Will nodded. It would not have been the first time that had happened; Dr. Lecter had been a trauma surgeon for many years, and many people must have died beneath his hands. Not the first time, but the last.
"It was an awakening not unlike yours, perhaps," Dr. Lecter went on. "Psychiatrists and priests are not so unalike; the nebulous realms of emotion and spirit are more similar than different. Now I care for minds rather than bodies, and no one has died as a result of my therapy."
"No one's died as a result of my ministry, either," Will said with a half-formed smile. "As far as I know, anyway. It's less of a burden, that's for sure, except around the holidays."
There was dessert, this time: apples poached in red wine.
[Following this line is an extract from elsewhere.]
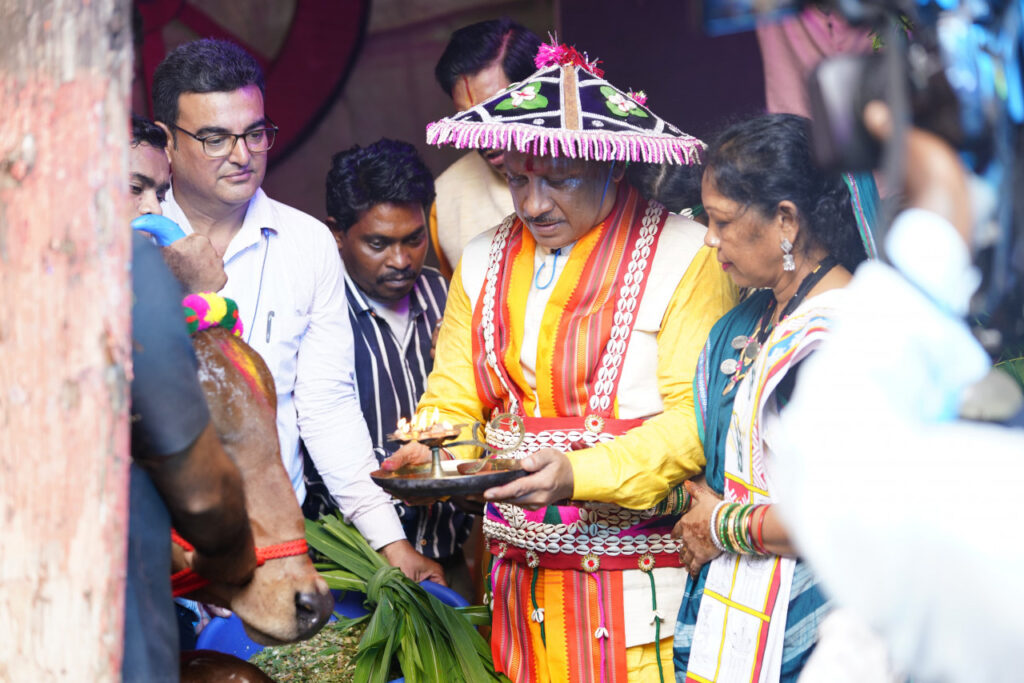 रायपुर : हरेली पर मुख्यमंत्री श्री साय ने गाय और बछड़े को खिलाया लोंदी और चारा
Will's came to the table on an ebony-black plate with a swirl of freshly whipped cream. It smelled strongly of autumn spices and was so tender that Will could carve off pieces with a spoon.
"Amazing," he said, feeling stupid; it must have been the fourth time he'd said that this evening.
But Dr. Lecter did not seem to have tired of it yet. "I'm glad you like it. I usually use pears, but I spied these beautiful Pink Lady apples at the market and thought I would try something different."
Will cleaved off another spoonful of apple. "Are you tempting me, Dr. Lecter?"
"Apples are not native to the Middle East," Dr. Lecter replied. "If I were tempting you with forbidden fruit, I'd do better to try a pomegranate, or a fig, or a quince. At least one rabbi has made an argument for the forbidden fruit being a grape, made into wine."
"You're well-educated on theological matters?"
"I have a keen interest in the arts: the symphony, opera, classical literature, pre-modern art. In that vein, I've educated myself on cultural matters, and religion is key to cultural literacy."
Will sucked syrup off his spoon as he assimilated this information into what he already knew of Dr. Lecter. "But you don't consider yourself a religious man?"
"I am not currently practicing, no. Whether I am religious or not is subjective." Dr. Lecter glanced up from his plate. "Does that bother you?"
"No," Will said. "No, not at all."
The conversation wound down and passed into easy silence, spoons scraping whipped cream off of plates. Dr. Lecter refused all offers of help with cleanup, and after he'd whisked the remainder of their dishes away to the kitchen, he saw Will to the door.
They lingered on the doorstep, Dr. Lecter standing just a little too close. Will could smell the lingering aroma of wine and cinnamon and clove.
"I would ask you to spend the night," Dr. Lecter murmured, "but you must be getting back to your dogs."
Will sighed. "Yeah." But he didn't move. "Maybe next time you can come to my place. Though it's," he winced, "I mean, it's nothing like this."
"I'll be there to visit you, not your environment. Though I look forward to seeing you in your natural habitat. Whenever you're comfortable."
Will took half a step back, not without reluctance. "I'll see you on Sunday, Doc--" He stopped. If this was a date--and Dr. Lecter had said as much--then he could hardly keep calling him "Dr. Lecter."
Dr. Lecter dipped in to brush a kiss against Will's lips. It was warm and nearly chaste, and Will tilted back in to return it with a little more ardor. Dr. Lecter gave him a smile that showed surprisingly irregular teeth. "Please," he said. "Call me Hannibal."